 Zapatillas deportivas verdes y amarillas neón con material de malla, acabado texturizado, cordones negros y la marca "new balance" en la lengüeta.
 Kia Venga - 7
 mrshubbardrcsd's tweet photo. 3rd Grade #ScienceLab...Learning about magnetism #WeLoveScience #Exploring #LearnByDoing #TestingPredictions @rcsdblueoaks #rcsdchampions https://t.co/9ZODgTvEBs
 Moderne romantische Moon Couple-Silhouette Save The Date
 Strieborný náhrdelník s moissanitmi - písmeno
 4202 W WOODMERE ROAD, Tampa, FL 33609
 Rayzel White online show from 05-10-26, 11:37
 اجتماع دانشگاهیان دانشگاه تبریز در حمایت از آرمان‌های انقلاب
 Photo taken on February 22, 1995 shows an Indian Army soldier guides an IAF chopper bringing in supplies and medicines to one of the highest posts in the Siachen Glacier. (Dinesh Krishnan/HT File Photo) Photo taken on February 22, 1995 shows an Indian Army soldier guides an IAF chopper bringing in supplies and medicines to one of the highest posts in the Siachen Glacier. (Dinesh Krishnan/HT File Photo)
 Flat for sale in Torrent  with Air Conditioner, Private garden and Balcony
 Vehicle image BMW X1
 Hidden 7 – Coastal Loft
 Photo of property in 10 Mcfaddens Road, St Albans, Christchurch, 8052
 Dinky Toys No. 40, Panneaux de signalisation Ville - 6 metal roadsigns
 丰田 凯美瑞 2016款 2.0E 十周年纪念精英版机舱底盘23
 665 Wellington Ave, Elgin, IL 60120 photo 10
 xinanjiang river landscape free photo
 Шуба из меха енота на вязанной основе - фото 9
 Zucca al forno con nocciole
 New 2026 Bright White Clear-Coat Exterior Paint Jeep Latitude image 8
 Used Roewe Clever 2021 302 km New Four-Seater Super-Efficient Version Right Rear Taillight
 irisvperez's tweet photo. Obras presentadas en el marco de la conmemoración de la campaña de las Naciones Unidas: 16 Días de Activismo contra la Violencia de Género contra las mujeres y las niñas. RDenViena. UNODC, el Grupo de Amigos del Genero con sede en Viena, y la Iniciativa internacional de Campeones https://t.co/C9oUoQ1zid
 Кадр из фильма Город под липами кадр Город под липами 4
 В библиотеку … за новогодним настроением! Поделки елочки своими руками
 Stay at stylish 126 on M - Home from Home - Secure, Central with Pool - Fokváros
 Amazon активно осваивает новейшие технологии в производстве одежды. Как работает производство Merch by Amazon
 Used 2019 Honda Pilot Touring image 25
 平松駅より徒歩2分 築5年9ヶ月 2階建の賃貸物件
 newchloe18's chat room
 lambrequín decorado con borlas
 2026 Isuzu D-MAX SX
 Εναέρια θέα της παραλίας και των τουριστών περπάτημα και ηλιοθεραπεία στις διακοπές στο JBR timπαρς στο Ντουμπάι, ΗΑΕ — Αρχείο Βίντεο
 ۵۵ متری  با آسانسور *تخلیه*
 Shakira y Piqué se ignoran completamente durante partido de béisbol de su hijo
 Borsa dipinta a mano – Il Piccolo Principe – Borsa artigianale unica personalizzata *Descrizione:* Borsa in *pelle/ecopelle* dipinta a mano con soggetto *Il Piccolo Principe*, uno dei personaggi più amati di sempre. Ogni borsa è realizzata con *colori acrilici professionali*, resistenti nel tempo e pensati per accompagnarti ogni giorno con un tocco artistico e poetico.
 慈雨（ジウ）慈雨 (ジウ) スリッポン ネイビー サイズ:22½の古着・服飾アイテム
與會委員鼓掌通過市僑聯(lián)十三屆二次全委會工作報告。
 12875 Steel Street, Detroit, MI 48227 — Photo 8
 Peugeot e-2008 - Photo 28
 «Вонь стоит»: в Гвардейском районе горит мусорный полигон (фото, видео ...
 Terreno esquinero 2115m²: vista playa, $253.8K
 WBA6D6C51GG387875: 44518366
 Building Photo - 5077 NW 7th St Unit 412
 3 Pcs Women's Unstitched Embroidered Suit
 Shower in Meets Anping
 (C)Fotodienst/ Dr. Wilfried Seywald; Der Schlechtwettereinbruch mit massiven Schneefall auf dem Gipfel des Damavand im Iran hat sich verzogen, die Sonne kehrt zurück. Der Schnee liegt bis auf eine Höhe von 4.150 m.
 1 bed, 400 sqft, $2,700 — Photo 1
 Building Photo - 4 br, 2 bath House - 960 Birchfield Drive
◇ ◇ ◇ ◇ ◇
• Work instruction: After locating the line with "Vehicle image BMW X1" above, return that line and every later line through the one with "Used Roewe Clever", word for word and with nothing else.

• Response box:
 Vehicle image BMW X1
 Hidden 7 – Coastal Loft
 Photo of property in 10 Mcfaddens Road, St Albans, Christchurch, 8052
 Dinky Toys No. 40, Panneaux de signalisation Ville - 6 metal roadsigns
 丰田 凯美瑞 2016款 2.0E 十周年纪念精英版机舱底盘23
 665 Wellington Ave, Elgin, IL 60120 photo 10
 xinanjiang river landscape free photo
 Шуба из меха енота на вязанной основе - фото 9
 Zucca al forno con nocciole
 New 2026 Bright White Clear-Coat Exterior Paint Jeep Latitude image 8
 Used Roewe Clever 2021 302 km New Four-Seater Super-Efficient Version Right Rear Taillight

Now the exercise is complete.